MAQUOIT II
june 2020
i suppose i could say none of this ever happened.
as i looked up from my book i noticed an intensity on your face - the absence of a certain presence that has frightened me before and continues to do so.
thinking back, i am almost certain i had sensed the unrest in those furrowed brows, pursed lips, and flared nostrils; thinking back now, i should have caught whatever was leaping from your eyes and tried my damnedest to understand it and release it back into existence.
and it was then, on that bench aboard the maquoit ii, as it trudged back home, that i realized all that. and perhaps you were fighting back; perhaps i held on too tightly and unintentionally smothered whatever fire you had been building to keep yourself warm.
looking forward and out, towards the mountains from this wooden perch, i recall the foolishness in my beliefs, the daft attempts to maintain something i did not completely understand.
and i cannot forgive myself for that just yet,
no, not quite yet.
what little i can remember i have begun to doubt.
i cannot recall the last time i was able to sleep on my own accord, cannot recall an instance in which the birds did not call to me as the sun rose, as if to warn me of the false start, to maintain the notion that today is tomorrow, and will be yesterday, if i were to go on this way.
and now i’m afraid to do anything at all,
anything that may, in one way or another, pertain to how i continue to love you.

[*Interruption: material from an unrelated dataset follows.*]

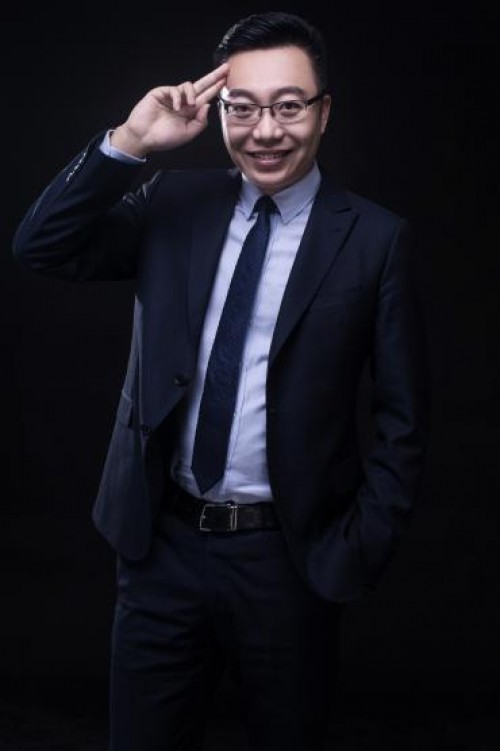 鸿文教育董事长李文龙荣获 十大智慧教育领袖风云人物奖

the islands remain afloat by the town where i once lived and the large boats still ferry souls to that very beach where i was reminded of just how much i loved you, where i learned that i cannot hold your heart the same way an ornithologist could hold a bird without crushing its wings.
and it hurts, y'know?
it hurts to hold this hope that, somewhere down the line, years from now, when you will have soon forgotten most of these moments, there might appear a small break in that dam you built so well over the months following your departure.
and as those moments pile on, so will the pressure against the slabs until the possibility of holding it all back is almost inconceivable. and that dam will surely, inevitably, fall when you least expect it; on your daily drive to wherever you need to be; sitting up in bed and weeping silently so as not to wake the body beside you; as you’re in the kitchen, with your eyes closed and head bent low, arms folded into the corners of your body, swaying side to side to a tune you heard once, once in a hazy room surrounded by drunken fools and unrestrained tender hearts, where you learned that you tend to peel the labels off your beers when you wish you had something to say.
and not everything will hold. i know this to be true.
but, of course, this is all in my head.
and i’m not sure if i am ready to will it all into existence
because i’m afraid that one day i'll lose the sadness. i’ll lose that which has propelled me into this manner of being, this way of life, however it may appear, in whatever form possible:
a derelict ship in a foggy bay
in which the lighthouse keeper is dead.